Könnte man auch Einreisesperren verhängen oder vermehrt Grenzkontrollen durchführen? «Das Problem ist, an den Grenzen kontrolliert im Moment niemand mehr. Die Einreiseverbote kann man relativ einfach umgehen», erklärt Fässler. Zudem gibt er zu bedenken: «Meines Erachtens sind die Vorteile des freien Personenverkehrs deutlich grösser, als die Forderung, jetzt wieder vermehrt Grenzkontrollen zu machen.»

Parmelin steht hinter Nachrichtendienst

Über den musikalischen Grossanlass der Rechtsradikalen war die Polizei zwar vom Nachrichtendienst informiert worden – allerdings erst wenige Stunden vor Konzertbeginn. Bundesrat Guy Parmelin, der politische Verantwortliche für den Nachrichtendienst, sagt jedoch gegenüber der «Tagesschau» klar, das Verhalten sei korrekt gewesen.

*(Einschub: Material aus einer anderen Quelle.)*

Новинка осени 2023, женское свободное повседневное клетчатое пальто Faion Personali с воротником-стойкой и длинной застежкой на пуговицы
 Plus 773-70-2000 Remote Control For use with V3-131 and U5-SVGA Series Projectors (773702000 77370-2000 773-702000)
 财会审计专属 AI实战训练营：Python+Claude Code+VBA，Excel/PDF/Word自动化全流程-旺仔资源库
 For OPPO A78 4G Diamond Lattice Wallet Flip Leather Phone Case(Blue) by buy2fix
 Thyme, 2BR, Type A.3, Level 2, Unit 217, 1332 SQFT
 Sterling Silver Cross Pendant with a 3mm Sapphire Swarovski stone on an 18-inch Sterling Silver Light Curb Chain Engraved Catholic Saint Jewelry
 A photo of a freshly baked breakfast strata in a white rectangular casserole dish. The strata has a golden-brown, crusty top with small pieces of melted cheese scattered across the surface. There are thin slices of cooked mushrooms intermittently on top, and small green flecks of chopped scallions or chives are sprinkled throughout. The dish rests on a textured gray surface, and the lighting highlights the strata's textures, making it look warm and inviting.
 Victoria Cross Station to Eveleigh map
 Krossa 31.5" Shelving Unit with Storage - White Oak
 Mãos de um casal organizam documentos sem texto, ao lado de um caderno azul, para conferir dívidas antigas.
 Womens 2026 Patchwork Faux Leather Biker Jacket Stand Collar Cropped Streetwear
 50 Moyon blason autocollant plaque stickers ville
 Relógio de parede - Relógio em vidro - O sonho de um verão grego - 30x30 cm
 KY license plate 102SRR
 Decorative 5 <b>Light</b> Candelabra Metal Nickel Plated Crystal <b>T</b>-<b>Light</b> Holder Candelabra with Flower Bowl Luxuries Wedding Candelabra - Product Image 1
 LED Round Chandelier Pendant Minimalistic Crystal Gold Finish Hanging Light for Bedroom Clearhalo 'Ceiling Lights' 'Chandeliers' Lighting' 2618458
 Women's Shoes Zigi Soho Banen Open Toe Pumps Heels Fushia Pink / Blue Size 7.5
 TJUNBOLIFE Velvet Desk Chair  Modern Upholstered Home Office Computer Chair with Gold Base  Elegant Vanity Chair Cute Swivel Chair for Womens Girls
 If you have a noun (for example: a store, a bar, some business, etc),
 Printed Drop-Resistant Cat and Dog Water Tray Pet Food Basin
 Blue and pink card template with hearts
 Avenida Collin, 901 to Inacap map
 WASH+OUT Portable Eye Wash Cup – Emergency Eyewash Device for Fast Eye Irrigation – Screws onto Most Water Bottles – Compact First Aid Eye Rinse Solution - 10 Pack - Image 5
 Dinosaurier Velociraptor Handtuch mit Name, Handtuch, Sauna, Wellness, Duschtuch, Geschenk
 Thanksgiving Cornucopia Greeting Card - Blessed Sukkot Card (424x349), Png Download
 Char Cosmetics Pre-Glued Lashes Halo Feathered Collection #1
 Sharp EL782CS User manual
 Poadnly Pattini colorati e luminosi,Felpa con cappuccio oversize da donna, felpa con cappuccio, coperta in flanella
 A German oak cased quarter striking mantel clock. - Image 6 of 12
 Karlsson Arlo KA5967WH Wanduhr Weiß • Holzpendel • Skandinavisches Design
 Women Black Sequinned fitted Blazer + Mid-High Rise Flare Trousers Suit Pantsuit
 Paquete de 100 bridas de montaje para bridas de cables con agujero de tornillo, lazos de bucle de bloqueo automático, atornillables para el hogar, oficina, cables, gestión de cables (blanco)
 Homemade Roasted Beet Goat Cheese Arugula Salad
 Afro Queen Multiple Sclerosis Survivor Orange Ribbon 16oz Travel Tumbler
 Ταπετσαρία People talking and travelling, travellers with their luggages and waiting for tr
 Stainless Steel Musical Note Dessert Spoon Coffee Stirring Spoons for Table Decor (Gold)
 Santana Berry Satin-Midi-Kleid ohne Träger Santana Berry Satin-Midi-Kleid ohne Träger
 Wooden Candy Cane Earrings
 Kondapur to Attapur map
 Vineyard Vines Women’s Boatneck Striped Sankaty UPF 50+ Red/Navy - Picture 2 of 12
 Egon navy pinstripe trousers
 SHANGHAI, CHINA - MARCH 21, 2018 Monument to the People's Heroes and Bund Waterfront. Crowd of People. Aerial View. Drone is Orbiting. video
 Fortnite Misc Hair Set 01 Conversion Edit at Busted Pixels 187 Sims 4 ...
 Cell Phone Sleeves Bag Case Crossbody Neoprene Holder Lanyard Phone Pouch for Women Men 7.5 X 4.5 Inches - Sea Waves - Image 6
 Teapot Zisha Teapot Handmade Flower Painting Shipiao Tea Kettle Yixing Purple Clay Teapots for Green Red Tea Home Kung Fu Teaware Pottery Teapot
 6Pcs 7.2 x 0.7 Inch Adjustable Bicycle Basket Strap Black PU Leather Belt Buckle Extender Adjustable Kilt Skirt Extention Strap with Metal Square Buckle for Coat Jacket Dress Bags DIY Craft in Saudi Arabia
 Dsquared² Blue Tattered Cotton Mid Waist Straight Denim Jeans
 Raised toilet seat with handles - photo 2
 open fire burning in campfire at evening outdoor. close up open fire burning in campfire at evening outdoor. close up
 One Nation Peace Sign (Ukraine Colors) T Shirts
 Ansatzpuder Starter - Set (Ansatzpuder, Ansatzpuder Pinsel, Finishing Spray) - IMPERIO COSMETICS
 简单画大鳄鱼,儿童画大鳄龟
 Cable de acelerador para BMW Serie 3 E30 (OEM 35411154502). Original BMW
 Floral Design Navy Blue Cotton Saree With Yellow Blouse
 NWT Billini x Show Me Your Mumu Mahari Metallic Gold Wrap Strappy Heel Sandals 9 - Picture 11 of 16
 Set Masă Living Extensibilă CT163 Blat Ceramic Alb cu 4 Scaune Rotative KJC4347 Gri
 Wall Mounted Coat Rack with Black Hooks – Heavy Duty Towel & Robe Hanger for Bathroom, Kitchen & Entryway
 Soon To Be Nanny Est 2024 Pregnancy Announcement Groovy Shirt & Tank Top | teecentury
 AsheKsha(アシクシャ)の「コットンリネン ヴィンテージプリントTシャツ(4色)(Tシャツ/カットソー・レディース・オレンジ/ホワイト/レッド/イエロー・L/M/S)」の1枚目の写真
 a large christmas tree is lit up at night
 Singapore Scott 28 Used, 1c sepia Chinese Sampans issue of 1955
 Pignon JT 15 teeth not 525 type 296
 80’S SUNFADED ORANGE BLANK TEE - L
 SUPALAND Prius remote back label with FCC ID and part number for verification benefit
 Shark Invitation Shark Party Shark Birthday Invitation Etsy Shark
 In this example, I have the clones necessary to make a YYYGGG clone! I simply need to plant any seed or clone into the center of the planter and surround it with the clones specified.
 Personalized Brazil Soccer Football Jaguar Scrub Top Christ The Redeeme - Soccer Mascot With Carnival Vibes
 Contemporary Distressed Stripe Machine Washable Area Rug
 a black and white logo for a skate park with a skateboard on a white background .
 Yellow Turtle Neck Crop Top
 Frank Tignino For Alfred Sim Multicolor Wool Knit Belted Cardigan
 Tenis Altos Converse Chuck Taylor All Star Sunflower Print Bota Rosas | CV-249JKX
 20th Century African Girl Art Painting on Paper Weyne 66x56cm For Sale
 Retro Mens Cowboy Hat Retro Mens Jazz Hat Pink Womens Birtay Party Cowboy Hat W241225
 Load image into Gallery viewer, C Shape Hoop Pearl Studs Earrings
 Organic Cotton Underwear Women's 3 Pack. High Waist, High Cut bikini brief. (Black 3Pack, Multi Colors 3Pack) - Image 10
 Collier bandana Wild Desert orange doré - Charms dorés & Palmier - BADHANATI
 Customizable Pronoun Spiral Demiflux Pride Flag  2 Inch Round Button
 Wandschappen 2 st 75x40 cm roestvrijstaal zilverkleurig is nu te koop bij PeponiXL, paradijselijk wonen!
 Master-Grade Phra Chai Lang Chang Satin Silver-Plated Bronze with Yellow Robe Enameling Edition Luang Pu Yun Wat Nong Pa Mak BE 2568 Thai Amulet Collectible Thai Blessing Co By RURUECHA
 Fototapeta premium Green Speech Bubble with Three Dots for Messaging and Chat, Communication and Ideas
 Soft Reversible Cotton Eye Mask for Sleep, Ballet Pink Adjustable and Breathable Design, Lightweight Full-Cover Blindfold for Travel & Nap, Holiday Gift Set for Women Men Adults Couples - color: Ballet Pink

«Wir sind Gesetzen unterworfen, die wir akzeptieren müssen. Vielleicht müssen wir uns die Frage stellen, ob wir die Gesetze neu anpassen müssen.» Parmelin erklärt, mit dem neuen Nachrichtendienstgesetz könne man gegen Extremismus von Links und Rechts nur vorgehen, wenn es ein gewaltsamer Extremismus sei, der das Land in Gefahr bringe.